Da domani mattina, giuro, comincerò a chiedere in giro – nei bar, nei mercatini, a qualche amico più edotto di me – cosa fa un prefetto. Anzi, chi è un prefetto. E soprattutto cosa decide un prefetto. Al momento, mi è soltanto chiarissimo che un prefetto sospende le partite di calcio, che sono programmate già da un anno prima, stessa ora, stesso posto, stessa (probabile) temperatura atmosferica. Ragazzi, ho girato un po’ per manifestazioni sportive. In nessuna parte del mondo mi è capitato che sospendessero alcunché. Nei Paesi più rigidi – guarda tu che stravaganti – fermano per un po’ il campionato, almeno te ne fai una ragione che fa freddo. Qui da noi sono fuori di testa, prima programmano le partite nel gelo, poi s’incazzano se non si può giocare. Ma in Germania, Inghilterra e Francia si gioca regolarmente e nessuno fa un plisset!

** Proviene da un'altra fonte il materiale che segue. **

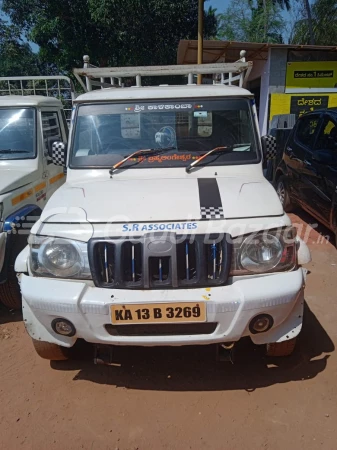 MAHINDRA BOLERO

Tra l’altro, nella comica c’è del comico. È utile sapere che quasi mai si rinvia una partita di campionato perché le condizioni del campo sono «proibitive», questa è una baggianata che ci si poteva vendere sino a qualche anno fa, ma che non ha alcun riscontro con la realtà. Adesso si fermano le partite – ecco che torna la figura del prefetto – perché manca la sicurezza sugli spalti o intorno allo stadio (all’ultimo momento anche Atalanta-Genoa è stata sospesa per lo stesso motivo, ma la decisione non è definitiva). La sicurezza sugli spalti? E quale, di grazia? Se parliamo delle nude strutture, sugli spalti, per definizione, non c’è insicurezza, ovviamente gli umani che possono comportarsi male o addirittura delinquere sono un’altra storia. Ma da ragazzi s’andava a San Siro e in tutti gli stadi d’Italia tranquillamente con la neve sui gradoni. Adesso, col riscaldamento della crosta terrestre i fiocchi sono diventati tossici?
Sì, sugli spalti ci può essere un pochino di neve, tu pensa. E siccome magari il signor Beppe ci scivola sopra e si fa la bua, il prefetto sospende la partita perché manca la sicurezza. Ma che paese del lella!

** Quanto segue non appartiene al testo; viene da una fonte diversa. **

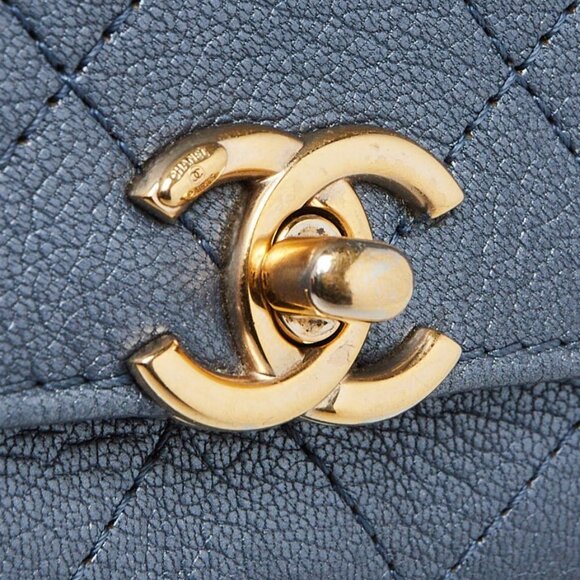 Chanel Metallic Blue Goatskin Leather Stitched Casual Trip Bag - Picture 4 of 10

Tutti gli anni la stessa storia. Tutti gli anni la stessa polemica, con le colpe che rimbalzano da uno all’altro e con i prefetti che non vogliono restare con il cerino in mano, per cui sospendono e arrivederci e grazie. Non parliamo dei dirigenti sportivi, ai quali non può sfuggire che le sere d’inverno sono anche un filo rigide. E che magari c’è pure la neve, e che la neve, per un processo davvero singolare, può anche ghiacciare.

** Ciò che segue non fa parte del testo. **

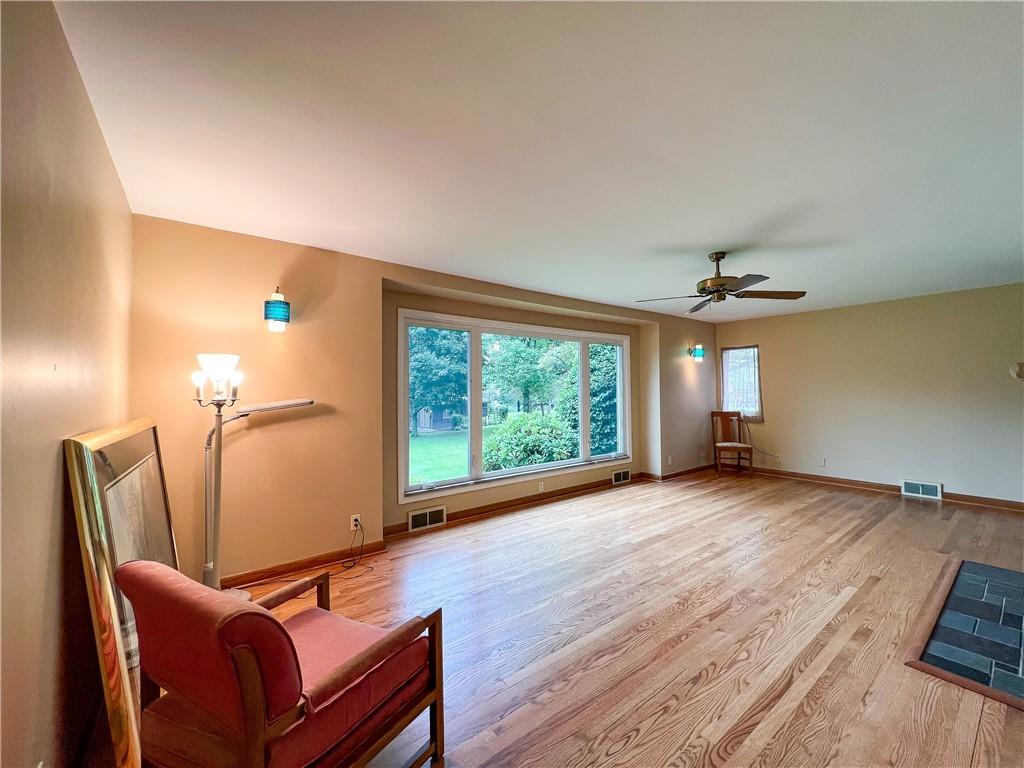 356 North Duffy Road Butler, PA 16001 - Photo 4 of 25 Gallery Image 4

L’altro giorno, avventurosamente, abbiamo aperto un dibattito sulla necessità che il governo italiano non debba rinunciare alla candidatura di Roma per le Olimpiadi del 2020. Ne abbiamo fatto un problema di mentalità e di modernità. Ci siamo spinti a pensare che sarebbero persino un’opportunità di crescita per un Paese economicamente tormentato come il nostro. Basterebbe un turno di campionato, con quel che si porta appreso in termini di dilettantismo organizzativo, per smontare la nostra pur incrollabile convinzione. Mettendo insieme le cose, verrebbe da concludere: ma dove vogliamo andare così slegati, privi di una coesione sociale, senza il minimo ombrello protettivo di fronte all’inevitabilità del tempo cattivo?
L’unica soluzione è spostare il campionato per questi due mesi in Sicilia. Clima mediamente dolce, il mare, un buon pesce. Cosa volere di più?